Saturday, October 10, 2015: 10:20 AM
Patrizia Ordine , University of Calabria, Rende, Italy
Giuseppe Rose , University of Calabria, Rende, Italy
Gessica Vella, M.B.A , Economics, Statistics and Finance, University of Calabria, Rende, Italy
In the recent past many European Governments adopted policies targeted to obtain employment flexibility and several studies highlight the relevance of the issue for unemployment flows,  unemployment duration and productivity.

This study aims at evaluating the effect of labor market flexibility on wages. A counterfactual approach is applied to Italian Linked Employer-Employee Longitudinal Data available for the period 1993-2002 and providing information on dependent workers’ and firms’ characteristics. 

The impact on wages of permanent employees of a reform deregulating the Italian labor market in late 1997 is evaluated. To achieve identification, we exploit a particular feature of the new institutional setup consisting of the introduction of Temporary Agency Workers in only some of the Italian industries. The peculiarity of the Italian normative setting generates a quasi-experimental setup which can be used to apply difference-in-differences (DD) procedures in order to evaluate the impact of TAW contracts on the wage of protected employees. In the same way, thanks to normative settings  the analysis can be pushed further.
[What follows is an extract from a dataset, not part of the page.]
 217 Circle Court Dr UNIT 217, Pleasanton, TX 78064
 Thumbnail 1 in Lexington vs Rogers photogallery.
In particular, since employment protection legislation varies across firm size, being most binding for plants above 15 employees, it is possible to check whether the effect of TAW on wages of permanent workers changes according to their protection level. This gives us the opportunity to provide evidence concerning heterogeneous effects of flexibility on wages which may depend on the actual EPL enforcement.
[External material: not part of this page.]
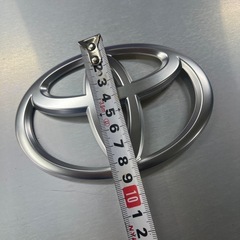 トヨタエンブレム艶消しシルバーの画像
Furthermore, as the introduction of a new type of fixed-term contract could generate flows of workers across contracts, employment status and firm size we use Fixed-Effect estimators on panel data.

We find some evidence of a generic increase of wages of employees in industries involved in the reform. Moreover we verify that the positive effect is relatively less important for protected workers hired permanently. This effect is consistent with labor productivity improvements.